Required work: Retype only the lines running from the beginning of the entries below to the line with "EINSTEIN, ALBERT - Relativity.", both included. Do not include pictures.

Supplied data:
________

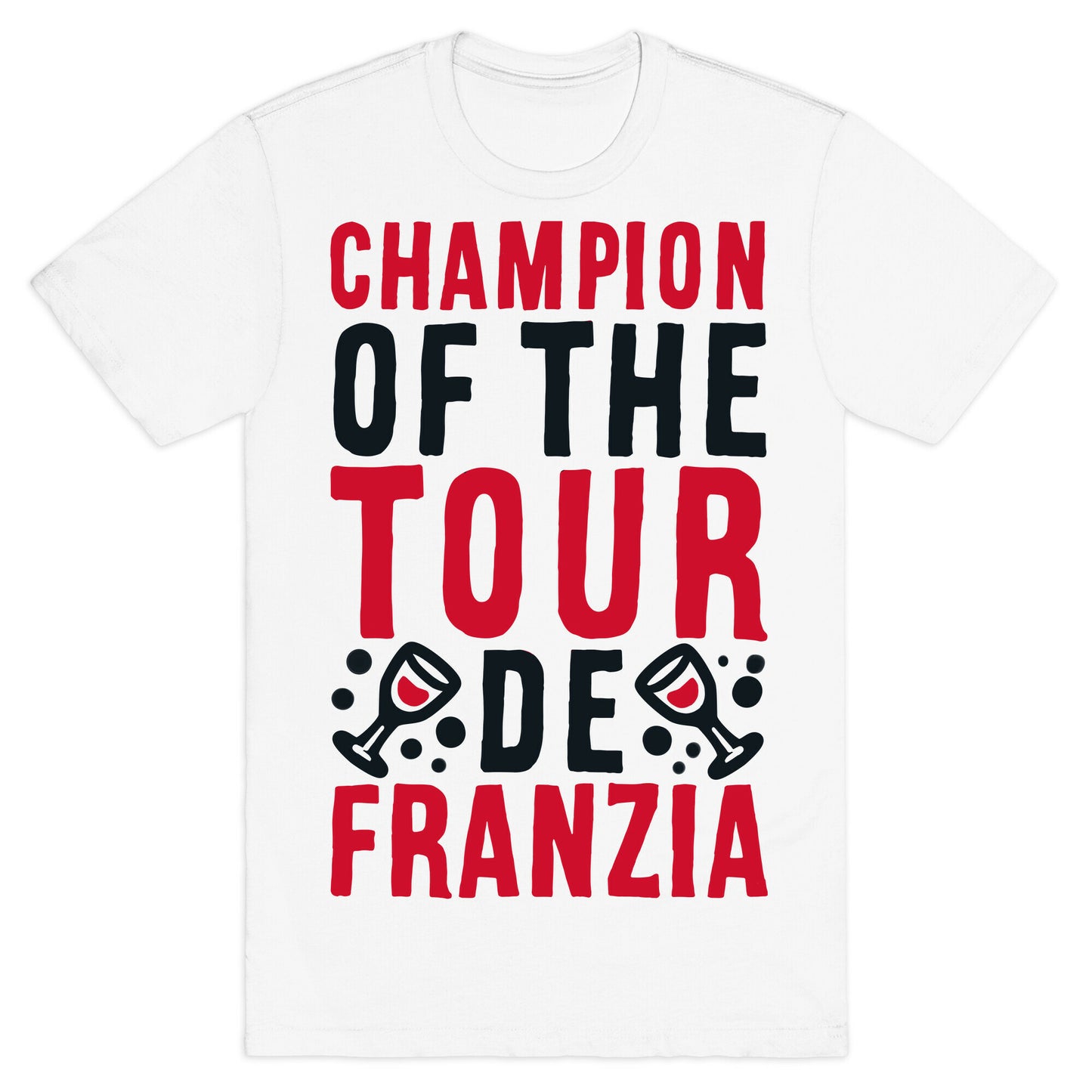 Champion of the Tour De Franzia  T-Shirt
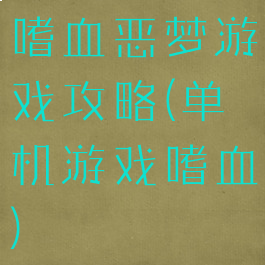 嗜血恶梦游戏攻略(单机游戏嗜血)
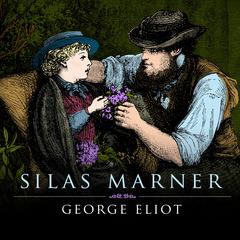Silas Marner: The Weaver of Raveloe Audiobook, by George Eliot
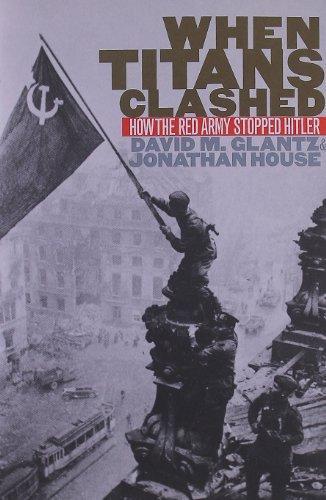 David M. Glantz, Jonathan M. House, David Glantz: When Titans Clashed: How the Red Army Stopped Hitler (Paperback, 1998, University Press of Kansas)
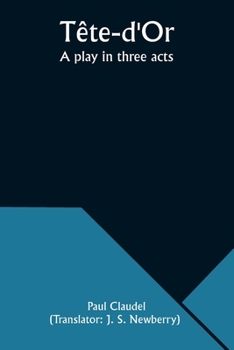 Paperback Tête-d'Or: A play in three acts Book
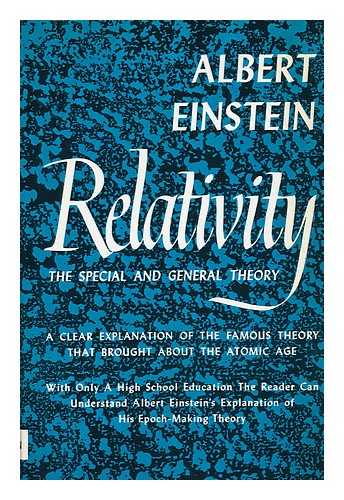 EINSTEIN, ALBERT - Relativity. The Special & the General Theory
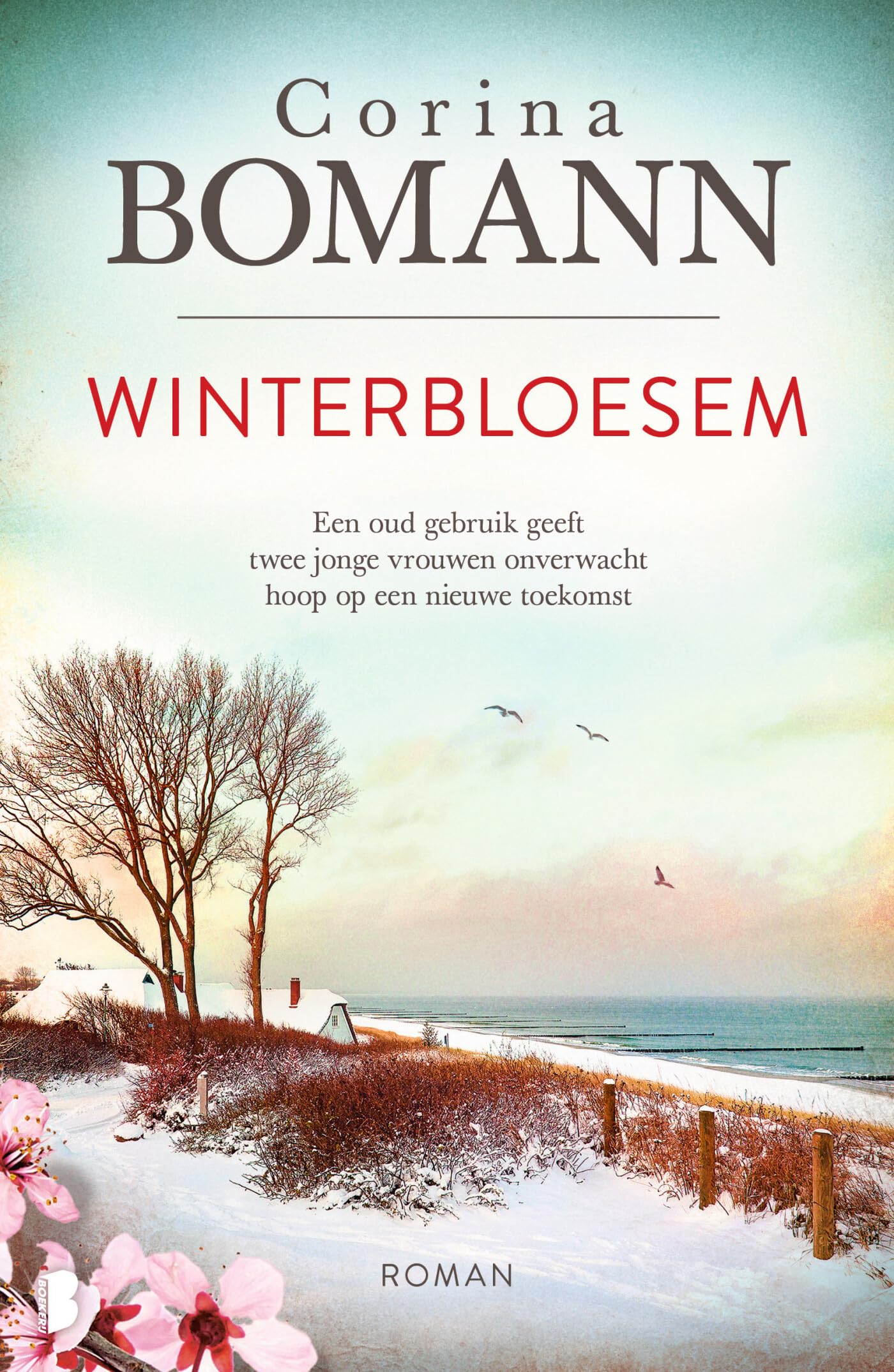 Winterbloesem: Een oud gebruik geeft twee jonge vrouwen onverwacht hoop op een nieuwe toekomst Historical Fiction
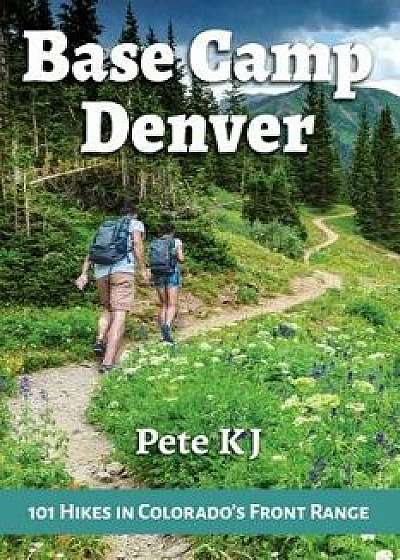 Base Camp Denver: 101 Hikes in Colorado's Front Range, Paperback/Pete Kj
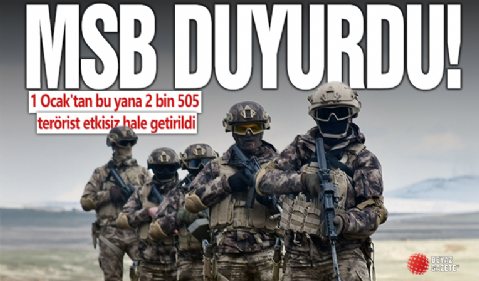 MSB: 1 Ocak'tan bu yana 2 bin 505 terörist etkisiz hale getirildi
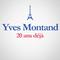 1991 - 2011: 20 ans déjà (Album anniversaire des 20 Ans du décès d'Yves Montand)专辑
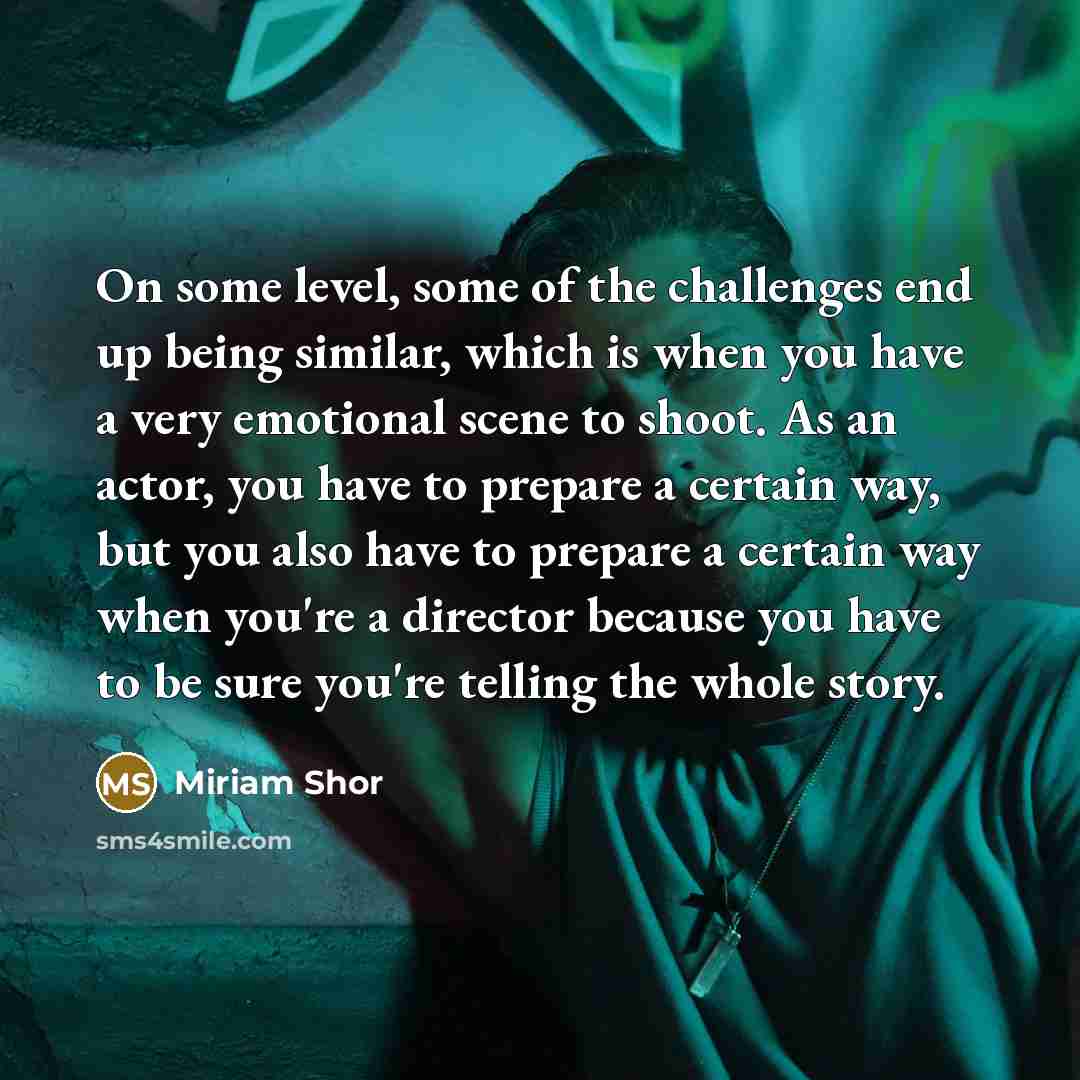 “On some level, some of the challenges end up being…” quote by Miriam Shor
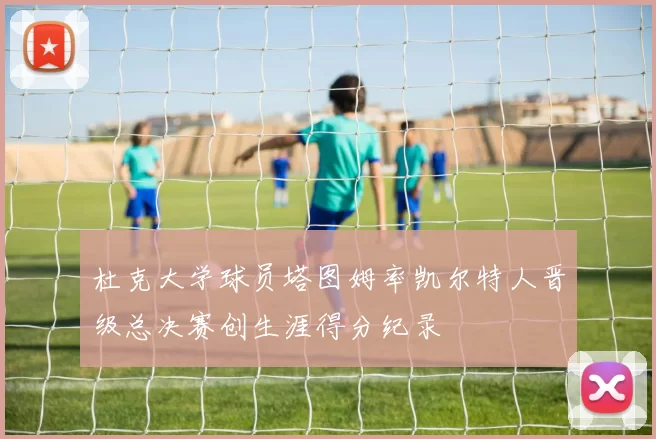 杜克大学球员塔图姆率凯尔特人晋级总决赛创生涯得分纪录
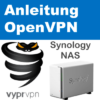 VyprVPN OpenVPN auf Synology NAS einrichten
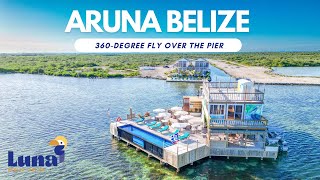 Aruna Belize Pier  360 Degree View  Ambergris Caye [upl. by Boone]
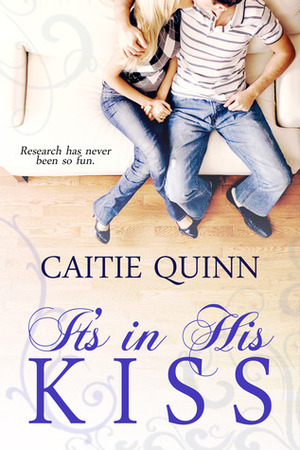 It's in His Kiss by Bria Quinlan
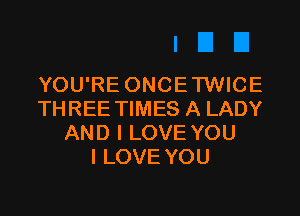 YOU'RE ONCE TWICE

THREE TIMES A LADY
AND I LOVE YOU
I LOVE YOU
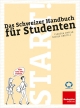 Start. Das Schweizer Handbuch für Studenten - Der Schweizerische Beobachter;  Claudia Imfeld;  Nicole Krättli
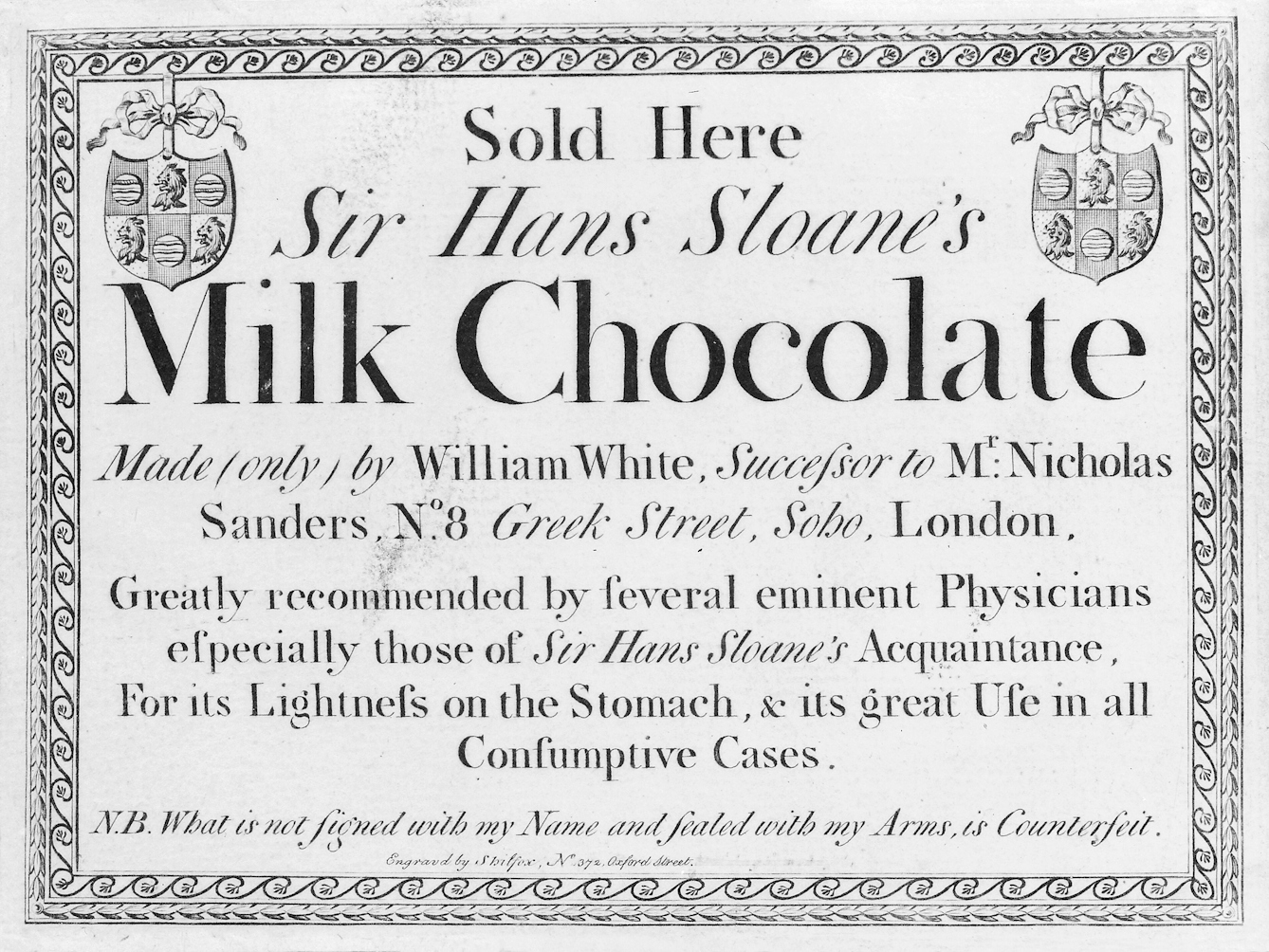 Black and white trade-card for 'Sir Hans Sloane's Milk Chocolate', with an ornate border, crests at the two top corners, and text reading "Greatly recommended by several eminent physicians especially those of Sir Hans Sloane's acquaintance, for its lightness on the stomach & it's great use in all consumptive cases.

________

Result:
 Champion of the Tour De Franzia  T-Shirt
 嗜血恶梦游戏攻略(单机游戏嗜血)
Silas Marner: The Weaver of Raveloe Audiobook, by George Eliot
 David M. Glantz, Jonathan M. House, David Glantz: When Titans Clashed: How the Red Army Stopped Hitler (Paperback, 1998, University Press of Kansas)
 Paperback Tête-d'Or: A play in three acts Book
 EINSTEIN, ALBERT - Relativity. The Special & the General Theory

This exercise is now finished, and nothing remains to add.